In many situations, the provision of regional infrastructure can act as a catalyst for the generation of local agglomeration economies, because infrastructure can be regarded as a local non-traded input (Marshall 1920). Despite considerable concern by the government, regional disparities remain a persistent and troubling feature of Bangladesh’s economy. A very close association exists in Bangladesh between regional utility infrastructure endowment and broad levels of socio-economic development. Distribution of the utility infrastructure development is not even all over the country. In all the cases (drinking water supply, sanitation, electricity, and roads and highways) it is found that most of the north-western, northern, coastal and the hilly districts are less developed and have some drawbacks in developing utility infrastructure. But the districts surrounding the capital are in better status in relation to the utility infrastructure development (Haq & Said, 2009). Bangladesh needs to embark in infrastructure development for its economic development and stability of its economy. Utility infrastructure has a key role to play in providing best value, innovation and continuity through all development stages of our economy. Electricity and roads and highways have the highest importance in this regard. Understanding this, government has given emphasis on these two. Presently Bangladesh has the capacity of producing 8625 MW and government has a target to produce 14084 Megawatt in 2016 whereas the demand of that time will be 11405 MW (GoB, 2012). Same source mentions about 21272 km roads and highways in 2012 whereas the number was 20799 km in 2001. Bangladesh government has given emphasize on social infrastructure development allocating 23.17 % of the total budget of 2013-2014 fiscal year. 8.66 % and 5.1% of the allocation are given in communication infrastructure and power sector respectively. In the budget of 2013-2014 Fiscal Year, the power and energy sector has been given the highest priority. Still all these are appeared to be not enough for alleviating the disparity in infrastructure development in Bangladesh.

OBJECTIVES
The objective of the present study is to find out the intensity of disparity in selected utility infrastructure; viz., drinking water supply, sanitation, electricity and roads and highways in general. And to find out the black hole of the development states of the country’s infrastructures in particular.

METHODOLOGY
Analysis has been done applying Lorenz curve and Gini coefficient/index relying on the secondary data of 2001. Gini index has been applied as one of the main techniques of the present disparity study of utility infrastructures of the country. Bahauddin (1989) measure Gini Index for the certain physical facilities.
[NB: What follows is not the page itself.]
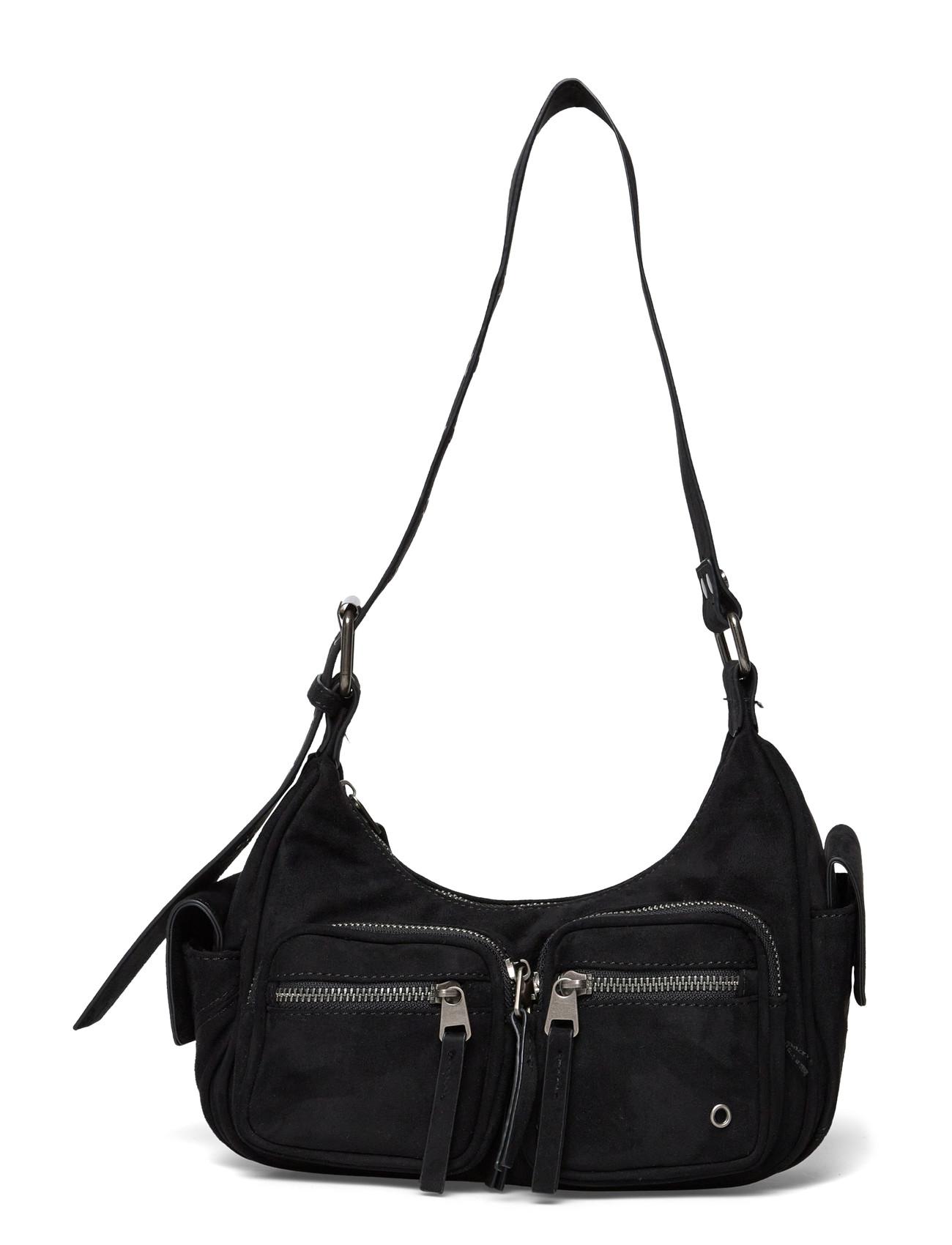 Noella Tilda Bag Small, One Size, Black, Tasker > Tasker Med Tophåndtag, Dame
Gini index is used in the income disparities of the world as well as USA. From that USA is proved to be more unequal in income than the European countries. This is the technique by which disparity in the development can be detected. With that analysis, special actions can be taken for the deprived areas for their sound development.
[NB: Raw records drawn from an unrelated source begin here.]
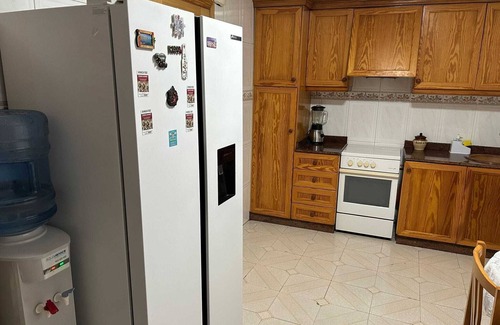 Bellreguard Casa | Pet friendly townhouse!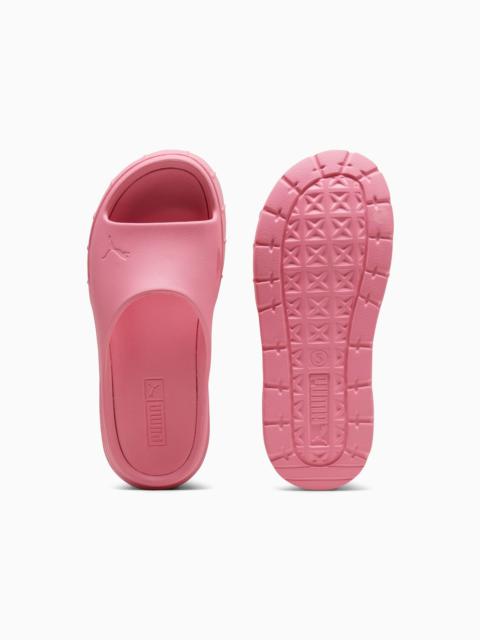 Mayze Stack Injex Women's Sandals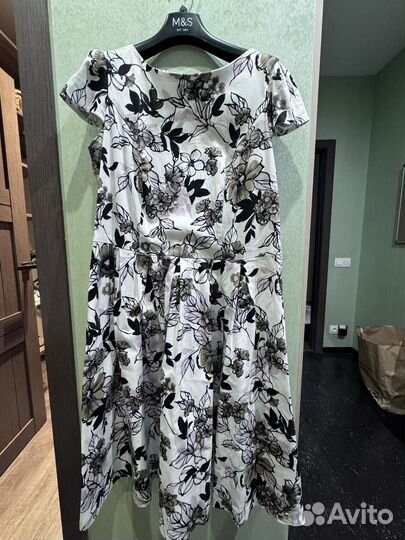 Платье женское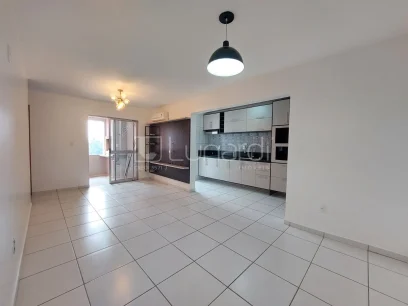 Apartamento com 2 Dormitórios - Miniatura - Lunardi Imóveis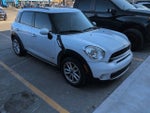 2015 MINI Countryman Cooper S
Lorenz curve is a model developed by economist Max Lorenz in 1905. It represents a probability distribution of statistical values, and is often associated with income distribution calculations. Lorenz Curve is the classical tool for analyzing the inequality aspect of a size distribution (Bhattacharya and Coondoo, 1992). In this definition it is well depicted that the Lorenz curve is a tool for showing the area of inequality in a distribution. “Lorenz curve is used in economics and ecology to describe inequality in wealth or size. The Lorenz curve is a function of the cumulative proportion of ordered individuals mapped onto the corresponding cumulative proportion of their size (Dagum, 1980).” Though the curve, at the initial stage of its invention, was used for the inequality presentation in economics, now a day it’s well used in regional planning. Lorenz curve is constructed for the present analysis by plotting the cumulative percentage of population of concern districts on (X) horizontal axis and cumulative percentage of infrastructures on the (Y) vertical axis. The classification of the data is performed on the basis of the ascending order of Location Quotient (LQ) values.

The Gini coefficient is a summary statistic of the Lorenz curve and a measure of inequality in a population which is also a measure of statistical dispersion developed by the Italian statistician Corrado Gini 1912. The vertical axis measures of the percentage of income going to income recipients, who are arrayed in percentiles on the horizontal axis. Income recipients are ordered from the poorest to the richest, moving from left to right. This is well noticed in the table-1.

Table-1: Meaning of the Gini values

Gini Value Meaning
<0.1 There is an artificial background for leveling
0.1-0.2 Though considerably equal, there is an anxiety to obstruct the effort to the improvement
0.2-0.3 Usual distribution type that exists in general in society
0.3-0.4 Though there are some difference, there is also a desirable respect in the improvement through competition
0.4-0.5 The difference is serious
>0.5 The improvement is required except under special circumstances

Source:www.nihonkaigaku.org/ham/eacoex/100econ/120doms/122dist/1224inc/ gini/e_gini.html

DISPARITY IN ELECTRICITY SUPPLY
Disparity in electricity supply in Bangladesh is well depicted in the Fig.-1 which shows that the first 25 percent population of the country has the electricity facilities less than 10 percent. The second 25 percent population has slightly higher than the first 25. This group of people has about 17 percent of total electricity. Third 25 percent population enjoys about 25 percent facilities of electricity and last group enjoys 48 percent of this facilities.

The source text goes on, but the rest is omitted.